The McCormicks moved to Portland, Oregon, after the 2016 world championships, and Maxine occasionally practices with Rajeff, who lives in Washington state. Casting has traditionally been a male-dominated sport, but Maxine is part of a long history of female fly-casting champions, including Joan Wulff and Pamela Peters.

The competition has learned not to dismiss her because she is so young.

“Just ‘cause of the title, of being world champion,” she said.

During a recent training session with Korich at the Oakland Casting Club, Maxine worked on her distance-casting technique: She stood with her left foot in front of her dominant, right foot as she arced the long, flexible rod above her head.

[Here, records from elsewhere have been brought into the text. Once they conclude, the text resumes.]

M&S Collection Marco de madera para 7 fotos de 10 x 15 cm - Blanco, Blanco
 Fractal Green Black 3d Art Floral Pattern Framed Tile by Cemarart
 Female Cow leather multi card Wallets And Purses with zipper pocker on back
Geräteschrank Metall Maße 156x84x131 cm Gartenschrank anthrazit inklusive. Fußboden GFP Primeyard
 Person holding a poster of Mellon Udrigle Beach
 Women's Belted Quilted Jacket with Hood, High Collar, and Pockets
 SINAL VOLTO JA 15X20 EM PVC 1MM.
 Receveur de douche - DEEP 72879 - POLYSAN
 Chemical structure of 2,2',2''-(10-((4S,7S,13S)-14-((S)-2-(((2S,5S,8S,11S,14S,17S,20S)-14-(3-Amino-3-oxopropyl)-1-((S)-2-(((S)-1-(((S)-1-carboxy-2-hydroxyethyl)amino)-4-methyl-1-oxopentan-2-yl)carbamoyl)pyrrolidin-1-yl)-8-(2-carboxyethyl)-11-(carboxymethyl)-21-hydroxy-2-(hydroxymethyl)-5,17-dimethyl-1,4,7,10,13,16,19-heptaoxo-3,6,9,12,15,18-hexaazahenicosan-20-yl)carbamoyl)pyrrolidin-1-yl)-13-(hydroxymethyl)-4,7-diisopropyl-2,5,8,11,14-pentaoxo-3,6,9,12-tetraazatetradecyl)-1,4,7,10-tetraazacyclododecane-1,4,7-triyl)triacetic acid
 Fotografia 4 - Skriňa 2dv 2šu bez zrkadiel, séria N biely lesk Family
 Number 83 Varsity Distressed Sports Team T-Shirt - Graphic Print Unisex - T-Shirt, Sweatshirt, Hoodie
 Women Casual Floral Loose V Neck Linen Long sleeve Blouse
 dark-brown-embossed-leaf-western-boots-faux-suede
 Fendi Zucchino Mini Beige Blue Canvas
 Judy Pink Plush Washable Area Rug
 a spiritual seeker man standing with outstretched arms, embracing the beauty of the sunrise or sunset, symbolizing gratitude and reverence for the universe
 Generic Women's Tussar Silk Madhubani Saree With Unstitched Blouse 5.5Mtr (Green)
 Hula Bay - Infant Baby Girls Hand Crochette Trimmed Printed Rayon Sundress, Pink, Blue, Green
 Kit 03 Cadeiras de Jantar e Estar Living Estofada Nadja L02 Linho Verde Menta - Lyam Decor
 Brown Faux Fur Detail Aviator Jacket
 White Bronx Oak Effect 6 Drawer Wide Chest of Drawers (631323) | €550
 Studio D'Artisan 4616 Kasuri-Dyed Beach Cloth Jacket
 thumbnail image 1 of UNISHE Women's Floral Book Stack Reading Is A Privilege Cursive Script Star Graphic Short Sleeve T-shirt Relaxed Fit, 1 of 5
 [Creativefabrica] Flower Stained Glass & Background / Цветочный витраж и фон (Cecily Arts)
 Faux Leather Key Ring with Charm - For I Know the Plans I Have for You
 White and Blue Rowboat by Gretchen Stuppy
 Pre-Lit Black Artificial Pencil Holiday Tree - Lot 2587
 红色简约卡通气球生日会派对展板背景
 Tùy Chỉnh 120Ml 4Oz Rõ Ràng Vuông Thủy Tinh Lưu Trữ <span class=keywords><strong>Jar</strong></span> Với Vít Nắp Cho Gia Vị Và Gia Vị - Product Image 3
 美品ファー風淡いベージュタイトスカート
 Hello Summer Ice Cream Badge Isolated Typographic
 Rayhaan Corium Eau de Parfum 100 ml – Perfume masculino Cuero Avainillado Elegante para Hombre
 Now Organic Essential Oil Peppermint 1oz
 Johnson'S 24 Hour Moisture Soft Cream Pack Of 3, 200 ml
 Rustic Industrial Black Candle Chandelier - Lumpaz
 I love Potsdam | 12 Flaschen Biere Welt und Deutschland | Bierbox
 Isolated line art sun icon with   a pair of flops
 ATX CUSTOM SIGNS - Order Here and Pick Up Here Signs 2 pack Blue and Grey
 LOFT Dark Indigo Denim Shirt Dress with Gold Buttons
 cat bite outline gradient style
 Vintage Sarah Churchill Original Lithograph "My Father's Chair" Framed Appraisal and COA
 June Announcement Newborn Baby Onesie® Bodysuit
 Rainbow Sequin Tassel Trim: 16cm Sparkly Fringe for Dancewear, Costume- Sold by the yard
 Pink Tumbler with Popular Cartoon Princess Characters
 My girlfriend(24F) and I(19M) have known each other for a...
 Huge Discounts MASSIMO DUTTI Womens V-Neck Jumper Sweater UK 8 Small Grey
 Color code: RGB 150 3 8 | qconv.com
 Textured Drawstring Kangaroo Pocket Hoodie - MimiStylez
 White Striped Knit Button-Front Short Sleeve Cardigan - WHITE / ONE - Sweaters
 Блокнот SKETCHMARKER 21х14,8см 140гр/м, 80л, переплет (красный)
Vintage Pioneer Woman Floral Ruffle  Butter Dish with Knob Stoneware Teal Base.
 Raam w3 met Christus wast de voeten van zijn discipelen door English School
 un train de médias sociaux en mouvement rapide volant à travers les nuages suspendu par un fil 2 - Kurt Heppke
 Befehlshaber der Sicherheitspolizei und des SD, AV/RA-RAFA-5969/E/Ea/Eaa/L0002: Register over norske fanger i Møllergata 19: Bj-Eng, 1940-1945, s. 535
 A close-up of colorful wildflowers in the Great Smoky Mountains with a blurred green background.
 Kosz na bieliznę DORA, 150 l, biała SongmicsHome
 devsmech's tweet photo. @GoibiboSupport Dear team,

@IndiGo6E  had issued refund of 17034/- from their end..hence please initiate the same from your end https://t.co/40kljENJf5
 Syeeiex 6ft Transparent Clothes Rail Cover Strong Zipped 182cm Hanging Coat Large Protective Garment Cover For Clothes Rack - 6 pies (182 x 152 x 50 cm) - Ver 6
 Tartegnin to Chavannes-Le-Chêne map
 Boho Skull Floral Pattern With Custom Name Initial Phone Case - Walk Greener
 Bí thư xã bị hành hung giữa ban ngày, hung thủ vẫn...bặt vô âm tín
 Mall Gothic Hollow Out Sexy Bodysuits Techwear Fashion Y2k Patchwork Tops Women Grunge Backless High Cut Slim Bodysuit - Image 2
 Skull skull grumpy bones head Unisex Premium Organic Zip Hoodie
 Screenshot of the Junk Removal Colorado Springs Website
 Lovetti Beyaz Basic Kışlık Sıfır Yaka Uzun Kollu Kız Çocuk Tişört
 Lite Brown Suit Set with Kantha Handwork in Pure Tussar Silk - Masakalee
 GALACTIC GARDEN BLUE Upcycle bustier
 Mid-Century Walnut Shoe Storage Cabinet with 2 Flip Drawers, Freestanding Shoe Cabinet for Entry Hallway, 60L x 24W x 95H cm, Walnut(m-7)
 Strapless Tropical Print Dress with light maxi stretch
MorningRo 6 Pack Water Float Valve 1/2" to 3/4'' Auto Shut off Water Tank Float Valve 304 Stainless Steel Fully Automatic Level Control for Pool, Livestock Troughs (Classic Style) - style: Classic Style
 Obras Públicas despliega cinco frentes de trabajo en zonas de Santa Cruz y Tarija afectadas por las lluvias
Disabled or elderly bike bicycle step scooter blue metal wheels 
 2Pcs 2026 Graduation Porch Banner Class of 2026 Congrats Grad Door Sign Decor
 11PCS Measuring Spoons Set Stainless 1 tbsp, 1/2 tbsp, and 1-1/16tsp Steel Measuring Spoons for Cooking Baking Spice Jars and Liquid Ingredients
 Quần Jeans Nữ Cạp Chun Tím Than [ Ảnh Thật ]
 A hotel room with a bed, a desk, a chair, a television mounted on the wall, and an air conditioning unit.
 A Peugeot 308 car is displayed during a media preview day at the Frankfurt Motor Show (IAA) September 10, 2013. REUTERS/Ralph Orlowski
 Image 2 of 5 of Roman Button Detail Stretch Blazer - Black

“Pull your front toe up, get that weight transferred,” Korich yelled to Maxine, who adjusted her stance in her checkered Vans shoes.

The motion is similar to pitching a baseball, but with the added challenge of controlling a fly line, which occasionally smacks her in the face or hits a bird.

Korich’s excitement rose when her fly landed just shy of 100 feet away. “If you had a carrying wind, you would have hit that 110,” Korich told her.

Dappled light streamed through redwood trees, making it harder to judge distance, and wind bounced through the trees, changing the direction of their casts.

Maxine and her coach took turns trying to beat each other’s distances, their lines slicing through the air. Then Maxine switched to accuracy practice. At the world championships, there are four targets, each with three rings. Competitors have five minutes to complete the course four times, left to right, and they accrue points depending on which ring they hit with their flies. As she practiced in Oakland, her fluid, repetitive motions appeared almost effortless.

A key part of Korich’s coaching strategy is planning something for Maxine to look forward to after a tiring practice session. In previous years, it has been ice cream. On this day, it was shopping. Maxine looked forward to a trip to her favorite store, Brandy Melville.

There are times when she doesn’t feel like casting, when she wishes she were hanging out with friends, or maybe watching a movie. It’s hard being the only young person in a sea of baby boomer men. At this year’s national championships in Indiana, she and her 7-year-old brother, Tobias, who is also a burgeoning caster, were the only kids around.

Maxine is not sure what the future holds. There is no clear path for fly casting superstars the way there is for other sports. She loved being a counselor-in-training at fly-fishing camp this summer. She might teach more.

But first, there was a world championship to take care of. She was mainly focused on beating her own scores, she said — and of course, those of her father, her coach and Rajeff.

“I’m pretty competitive,” she said with a giggle. “I don’t like to lose.”